= Einsatzgruppe Serbia =

Military grouping

Einsatzgruppe Serbia was a grouping of the German Schutzstaffel

Einsatzgruppe Serbia (EG Serbia), initially named Einsatzgruppe Yugoslavia (EG Yugoslavia), was a German Schutzstaffel (SS) grouping in the German-occupied territory of Serbia during World War II. Directly responsible to the Reich Security Main Office (Reichssicherheitshauptamt, RSHA) in Berlin, EG Serbia consisted of representatives of the various offices (Ämter) of the RSHA, particularly Amt IV – the Gestapo (Secret State Police), Amt V – the Kriminalpolizei (Criminal Police, or Kripo), and Amt VI – the Ausland-Sicherheitsdienst (Foreign Intelligence Service, or Ausland-SD). It also controlled the 64th Reserve Police Battalion of the Ordnungspolizei (Order Police, Orpo). While formally responsible to the Military Commander in Serbia via the head of the administrative branch of the military headquarters of the occupied territory, the chief of EG Serbia reported directly to his superiors in Berlin.

==Background==
===Pre-war activities in Yugoslavia===
In 1936, the chief of the Belgrade General Police, Dragomir Jovanović attended the International Police Conference in Berlin, along with two subordinates. Jovanović's Belgrade General Police were the political police of the Belgrade City Administration, and had been closely involved in the suppression of the Communist Party of Yugoslavia since it was banned in 1920. At the conference, Jovanović supported the motion of the Polish delegates to extend the activities of the International Criminal Police Commission to cooperation against international communism. He also supported the candidature of the director of the German Gestapo, Reinhard Heydrich, to be president of the commission, and had discussions with Gestapo officials about the fight against international communism. In January 1937, Jovanović again travelled to Berlin, this time with Milan Aćimović, the Belgrade City Administrator, who was also a confidant of the Prime Minister of Yugoslavia, Milan Stojadinović. The two Yugoslavs met with Reichsführer-SS and Chief of German Police in the Reich Ministry of the Interior, Heinrich Himmler, and Heydrich, and agreed on cooperation and the exchange of police liaison officers between Yugoslavia and Germany.

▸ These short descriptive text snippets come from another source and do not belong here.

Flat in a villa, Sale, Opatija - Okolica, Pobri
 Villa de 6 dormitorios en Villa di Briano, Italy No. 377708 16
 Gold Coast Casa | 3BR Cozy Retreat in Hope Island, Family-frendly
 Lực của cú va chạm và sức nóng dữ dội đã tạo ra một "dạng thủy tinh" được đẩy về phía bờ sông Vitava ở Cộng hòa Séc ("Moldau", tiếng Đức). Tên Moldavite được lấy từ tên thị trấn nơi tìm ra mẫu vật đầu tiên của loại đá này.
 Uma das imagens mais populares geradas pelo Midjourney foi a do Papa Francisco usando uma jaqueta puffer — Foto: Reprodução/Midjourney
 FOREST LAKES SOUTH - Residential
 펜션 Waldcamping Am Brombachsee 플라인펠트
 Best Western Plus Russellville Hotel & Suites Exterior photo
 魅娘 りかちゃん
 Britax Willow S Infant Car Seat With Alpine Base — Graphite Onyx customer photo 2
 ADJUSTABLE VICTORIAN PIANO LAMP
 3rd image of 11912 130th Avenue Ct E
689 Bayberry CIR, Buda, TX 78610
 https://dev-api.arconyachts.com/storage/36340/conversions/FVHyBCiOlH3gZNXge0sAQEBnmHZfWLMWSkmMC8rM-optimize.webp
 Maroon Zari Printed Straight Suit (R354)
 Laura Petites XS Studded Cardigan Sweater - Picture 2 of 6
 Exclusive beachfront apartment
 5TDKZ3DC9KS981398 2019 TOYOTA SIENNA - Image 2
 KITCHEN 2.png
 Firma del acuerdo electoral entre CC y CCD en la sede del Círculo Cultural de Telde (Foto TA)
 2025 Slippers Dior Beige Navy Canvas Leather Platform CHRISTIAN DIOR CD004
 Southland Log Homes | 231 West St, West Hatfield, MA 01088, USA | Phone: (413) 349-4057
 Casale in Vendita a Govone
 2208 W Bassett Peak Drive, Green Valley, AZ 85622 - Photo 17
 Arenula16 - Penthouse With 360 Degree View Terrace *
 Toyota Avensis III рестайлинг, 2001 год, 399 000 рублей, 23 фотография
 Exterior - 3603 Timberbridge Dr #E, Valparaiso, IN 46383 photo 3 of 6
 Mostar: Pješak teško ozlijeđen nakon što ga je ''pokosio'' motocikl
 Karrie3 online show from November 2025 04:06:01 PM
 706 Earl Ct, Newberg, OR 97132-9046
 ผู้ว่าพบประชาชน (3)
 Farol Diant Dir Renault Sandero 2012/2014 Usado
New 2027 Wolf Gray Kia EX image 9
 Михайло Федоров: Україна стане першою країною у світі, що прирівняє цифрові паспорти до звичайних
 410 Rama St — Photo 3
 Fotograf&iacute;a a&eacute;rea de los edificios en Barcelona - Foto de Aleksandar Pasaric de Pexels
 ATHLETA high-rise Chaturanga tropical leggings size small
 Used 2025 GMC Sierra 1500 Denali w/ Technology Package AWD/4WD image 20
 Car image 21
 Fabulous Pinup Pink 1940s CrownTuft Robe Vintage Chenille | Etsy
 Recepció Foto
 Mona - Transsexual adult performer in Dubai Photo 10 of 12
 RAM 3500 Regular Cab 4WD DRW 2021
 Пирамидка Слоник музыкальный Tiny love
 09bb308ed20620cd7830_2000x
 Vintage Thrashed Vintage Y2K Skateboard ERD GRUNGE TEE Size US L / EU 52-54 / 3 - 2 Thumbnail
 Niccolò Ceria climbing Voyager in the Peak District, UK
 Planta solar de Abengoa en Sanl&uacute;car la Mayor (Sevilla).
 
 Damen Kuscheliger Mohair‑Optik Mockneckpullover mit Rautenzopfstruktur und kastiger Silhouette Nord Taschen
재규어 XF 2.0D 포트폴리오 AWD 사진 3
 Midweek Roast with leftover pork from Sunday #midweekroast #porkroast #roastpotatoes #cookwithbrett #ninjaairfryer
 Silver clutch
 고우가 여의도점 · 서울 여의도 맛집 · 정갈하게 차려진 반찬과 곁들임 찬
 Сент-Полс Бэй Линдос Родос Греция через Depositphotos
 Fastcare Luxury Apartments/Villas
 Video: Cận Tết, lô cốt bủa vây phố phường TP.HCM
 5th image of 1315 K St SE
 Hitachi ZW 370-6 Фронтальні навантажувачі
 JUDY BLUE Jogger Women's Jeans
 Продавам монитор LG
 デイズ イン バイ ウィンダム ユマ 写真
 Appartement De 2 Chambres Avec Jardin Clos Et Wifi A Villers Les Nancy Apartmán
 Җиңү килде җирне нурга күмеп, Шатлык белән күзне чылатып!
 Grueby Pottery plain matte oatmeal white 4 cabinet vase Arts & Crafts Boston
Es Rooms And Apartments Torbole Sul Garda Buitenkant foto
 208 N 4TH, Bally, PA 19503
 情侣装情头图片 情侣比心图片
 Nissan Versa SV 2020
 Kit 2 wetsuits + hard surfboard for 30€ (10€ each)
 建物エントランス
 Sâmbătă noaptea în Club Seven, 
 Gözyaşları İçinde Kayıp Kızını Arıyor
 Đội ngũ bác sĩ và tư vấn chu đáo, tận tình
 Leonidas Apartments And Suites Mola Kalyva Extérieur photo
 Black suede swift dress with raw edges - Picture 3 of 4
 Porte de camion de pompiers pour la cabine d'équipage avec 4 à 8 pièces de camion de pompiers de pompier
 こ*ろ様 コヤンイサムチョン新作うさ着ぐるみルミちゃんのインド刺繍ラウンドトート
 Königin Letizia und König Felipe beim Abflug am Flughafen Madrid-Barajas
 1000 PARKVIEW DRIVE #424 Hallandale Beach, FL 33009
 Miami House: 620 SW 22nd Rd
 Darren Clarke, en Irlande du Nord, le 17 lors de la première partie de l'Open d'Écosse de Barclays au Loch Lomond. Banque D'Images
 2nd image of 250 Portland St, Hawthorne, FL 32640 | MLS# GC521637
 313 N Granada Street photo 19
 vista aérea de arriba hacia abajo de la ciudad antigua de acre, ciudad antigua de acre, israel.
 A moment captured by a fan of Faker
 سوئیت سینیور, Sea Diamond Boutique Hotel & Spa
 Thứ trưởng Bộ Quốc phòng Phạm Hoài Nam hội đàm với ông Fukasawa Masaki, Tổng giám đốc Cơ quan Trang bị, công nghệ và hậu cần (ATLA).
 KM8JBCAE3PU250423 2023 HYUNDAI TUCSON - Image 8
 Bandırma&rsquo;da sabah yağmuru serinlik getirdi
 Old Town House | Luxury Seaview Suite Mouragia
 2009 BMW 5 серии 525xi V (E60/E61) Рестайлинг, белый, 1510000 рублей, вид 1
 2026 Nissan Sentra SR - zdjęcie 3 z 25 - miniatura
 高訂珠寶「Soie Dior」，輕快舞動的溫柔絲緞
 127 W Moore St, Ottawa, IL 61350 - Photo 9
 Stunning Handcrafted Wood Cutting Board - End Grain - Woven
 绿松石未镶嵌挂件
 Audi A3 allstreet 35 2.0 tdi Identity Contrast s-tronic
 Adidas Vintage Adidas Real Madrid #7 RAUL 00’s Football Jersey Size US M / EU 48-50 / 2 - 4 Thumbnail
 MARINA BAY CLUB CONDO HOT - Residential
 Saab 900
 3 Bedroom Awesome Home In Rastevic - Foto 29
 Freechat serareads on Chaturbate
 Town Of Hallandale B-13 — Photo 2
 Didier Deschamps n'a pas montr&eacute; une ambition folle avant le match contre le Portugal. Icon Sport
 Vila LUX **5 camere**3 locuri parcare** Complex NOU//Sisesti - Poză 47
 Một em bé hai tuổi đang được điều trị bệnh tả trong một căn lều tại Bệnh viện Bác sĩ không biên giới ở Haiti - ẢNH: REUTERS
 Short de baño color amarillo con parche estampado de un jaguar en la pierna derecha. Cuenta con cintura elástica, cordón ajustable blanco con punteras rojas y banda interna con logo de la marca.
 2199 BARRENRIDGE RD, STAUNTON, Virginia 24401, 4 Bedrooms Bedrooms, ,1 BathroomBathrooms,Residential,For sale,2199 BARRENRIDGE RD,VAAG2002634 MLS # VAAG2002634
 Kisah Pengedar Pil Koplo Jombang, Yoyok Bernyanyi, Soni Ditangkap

In early January 1938, SS-Sturmbannführer (SS-Major) Hans Helm was appointed as a police attaché to the German diplomatic mission in Belgrade. Helm was a protege of the senior Gestapo official, Heinrich Müller, and his appointment to the position was encouraged by Jovanović and Aćimović, whom he had met when they visited Berlin. The German ambassador, Viktor von Heeren, was a former member of the diplomatic corps of the pre-Nazi Weimar Republic, and was wary of Helm and his role, and concerned about what impact the Gestapo official would have on Germany's relationship with the Stojadinović government. In December 1938, Aćimović was appointed as Minister of the Interior in the Stojadinović cabinet, but in early February of the following year, Stojadinović fell from power, and Aćimović also lost his portfolio. At the same time, Jovanović was transferred to an advisory role in the Ministry of the Interior. However, both men maintained their contact with Helm, with Jovanović allegedly permitting a secret German Abwehr (military intelligence) radio to be installed in his home. Helm maintained contact with several Germanophile officials within the Belgrade City Administration, including a White émigré Russian, Nikolaj Gubarev, an agent with the anti-communist Section IV of the Belgrade General Police. Helm cultivated Gubarev as an informant, part of an intelligence network he established throughout the country to collect political and military information, including information about British and French intelligence services operating in Yugoslavia. Helm's connection to Gubarev was known by the intelligence staff of the Supreme Command of the Royal Yugoslav Army, and as a result, in late 1939, Gubarev was transferred away from Belgrade. In addition to his intelligence work, Helm also collected commercial information, helping a German company obtain a concession to explore for oil in Yugoslavia ahead of British interests. On 27 September 1939, the Gestapo and its parent organisation, the Sicherheitspolizei (Security Police, or SiPo), was placed under the umbrella of the new Reich Security Main Office (Reichssicherheitshauptamt, RSHA), now commanded by Heydrich, and the Gestapo became Amt (Office) IV of the RSHA, with Müller as its chief.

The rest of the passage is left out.